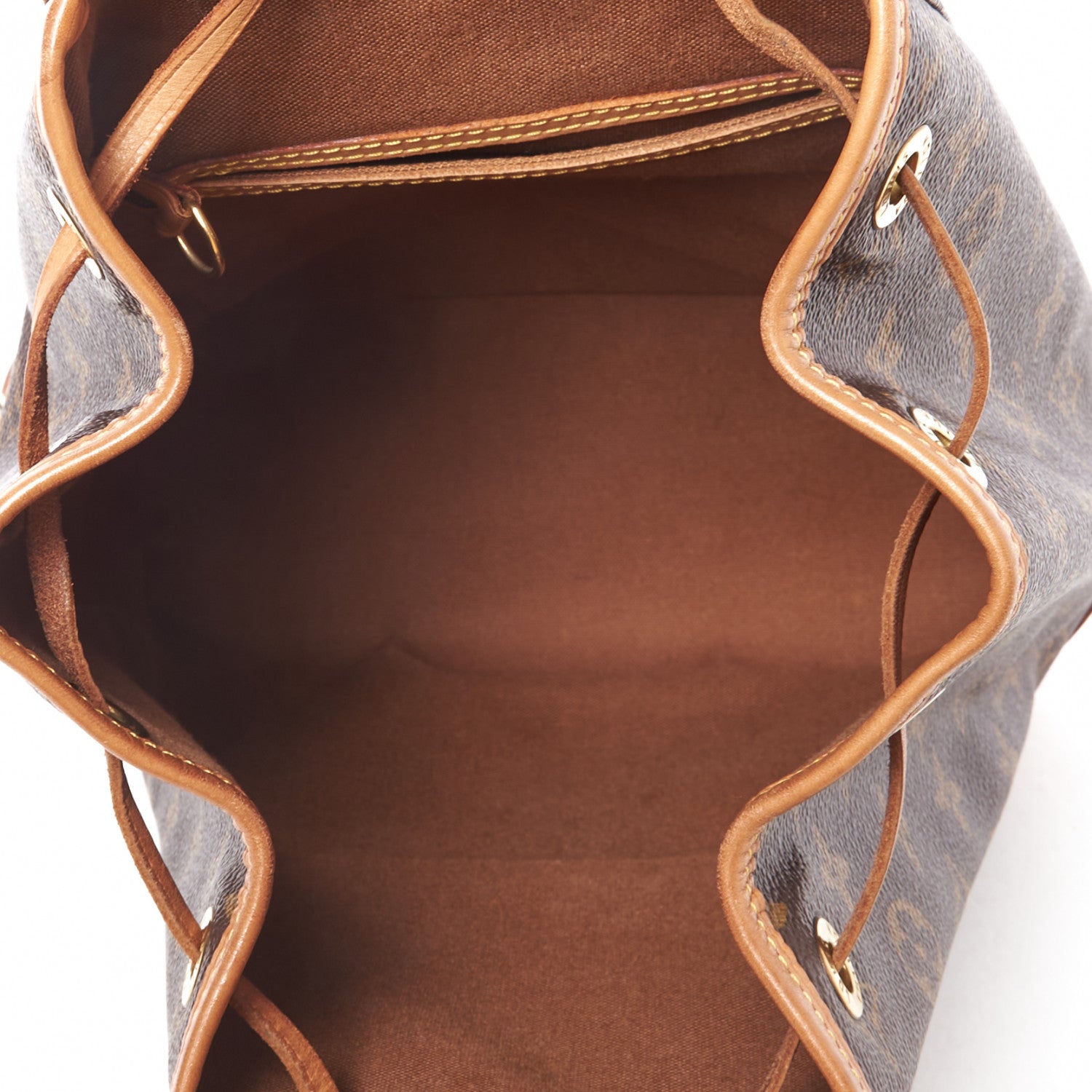 Louis Vuitton Monogram Montsouris MM Backpack 6 of 8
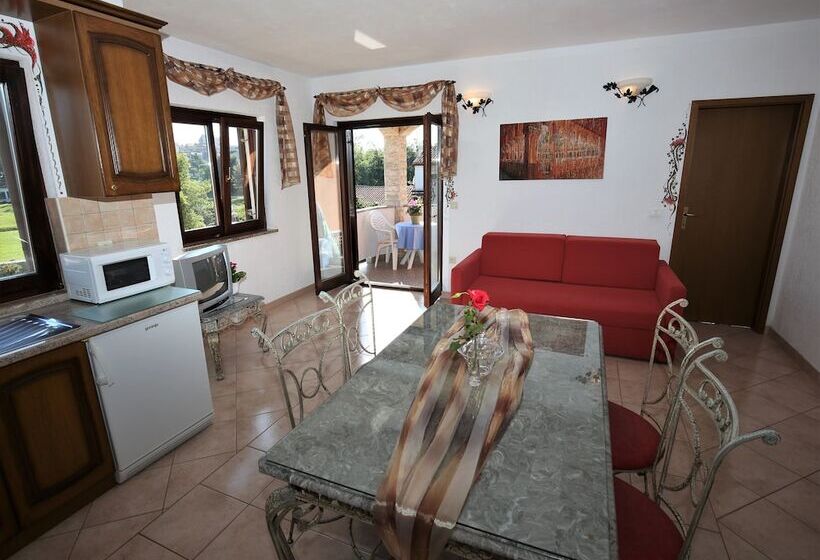 １ベッドルームのコンフォーとアパートメント, Villa Linet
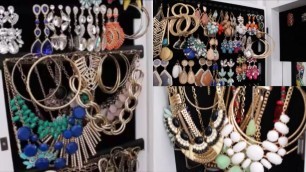 'My Jewelry Collection Storage and Clean Out'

==================================================

For this exercise, write the listing out again exactly, excluding all images.

* [Result for this task]:
 Louis Vuitton Monogram Montsouris MM Backpack 6 of 8
 １ベッドルームのコンフォーとアパートメント, Villa Linet
 'My Jewelry Collection Storage and Clean Out'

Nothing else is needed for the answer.